By virtue of sales late in its life, the NES would not be a total flop even in the UK, but it was hardly the saviour of the video game industry that it had become in the United States. Its success in the US will become more important later in this series, but for the time being, it served to illustrate the growing divergence in the video game industry between the US and Europe.

Sinclair – pulling defeat from the jaws of victory

The ZX Spectrum had proven to be a big success, with its aim of providing the cheapest possible colour computer resonating well with British buyers who appreciated its “cheap and cheerful” nature. Despite its limitations, such as the rubber-keyed chiclet keyboard and frequent attribute clash due to colour restrictions per on-screen tile, the Spectrum certainly did the trick as an affordable system for learning how to program and play games. However, not all of Sinclair’s ventures were so successful.
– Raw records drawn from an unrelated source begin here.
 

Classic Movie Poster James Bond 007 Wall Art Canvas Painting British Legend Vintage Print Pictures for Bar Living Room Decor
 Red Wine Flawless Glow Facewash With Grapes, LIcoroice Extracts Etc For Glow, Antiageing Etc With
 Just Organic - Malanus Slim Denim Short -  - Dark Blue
I find it interesting that despite the limited utility of early computers apart from entertainment, there were several computer manufacturers that dismissed video gaming as an inappropriate use of their systems. Apple, despite Steve Jobs’ and Steve Wozniak’s history with Atari, actively sought to discourage video game developers early on. IBM didn’t even consider the possibility of video gaming on their systems until the development of the IBM PCjr, which unsuccessfully tried to straddle the ground between the low-end systems like the Commodore 64 and the high-end business market it was already catering for. Sir Clive Sinclair was also famously dismissive of video gaming, having designed the ZX Spectrum to provide people with a platform for programming, but failing to see at the time that what a lot of buyers wanted to program were games.
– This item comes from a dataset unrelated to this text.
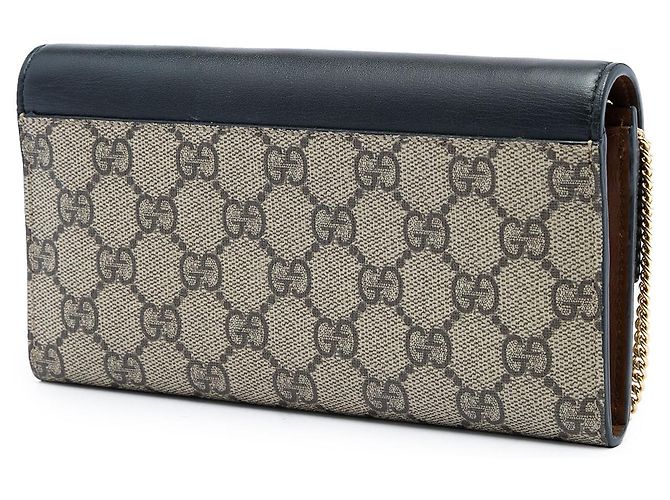 Padlock Portafoglio a catena Gucci Beige GG Supreme con lucchetto - vista 2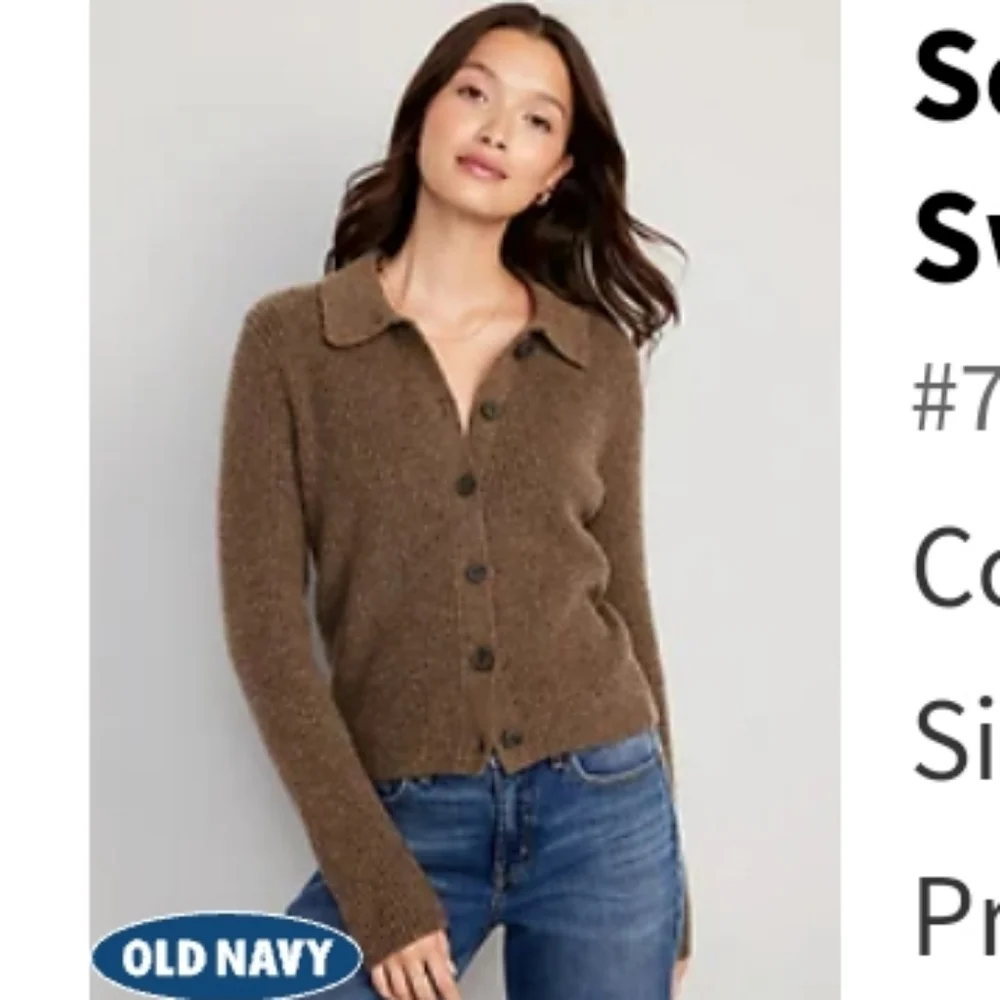 Old Navy SoSoft Minimal Collard Button Up Cardigan Sweater Brown Heather XL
Sinclair Research sought to follow up the ZX Spectrum in 1984 with the Sinclair QL (or Quantum Leap). Based around the Motorola 68008, a version of the 68000 somewhat analogous to the IBM PC’s Intel 8088 processor in that it had an 8-bit data bus which effectively halved the speed of the CPU, the QL did improve on the Spectrum in some respects, including the pre-emptive multitasking QDOS operating system released a year before AmigaOS, but was hardly the great leap forward that its name suggested.

The QL was rushed onto the market in January 1984 but was far from ready for production, lacking even a working prototype. Even when the first customer deliveries arrived in April, they were found to be unreliable, with multiple bugs in the firmware and numerous issues with the proprietary Microdrive storage system, which aimed to provide a cheaper alternative to the floppy disk by using an endless loop of magnetic tape inside a cartridge case. These issues were later resolved, but the early impression of the system stuck with it until it was discontinued in 1986. Today, the system is arguably most notable for Linus Torvalds’ ownership of one and his requirement to write his own software due to the poor support that the system received.

The QL wasn’t Sinclair Research’s only failure either. The portable Sinclair TV80 used a flat-screen CRT using a side-mounted electron gun and a Fresnel lens to make the picture look larger than it was, but failed to sell enough units to recoup its development costs. However, this was relatively low key compared to the biggest flop in Sinclair’s history: The infamous C5.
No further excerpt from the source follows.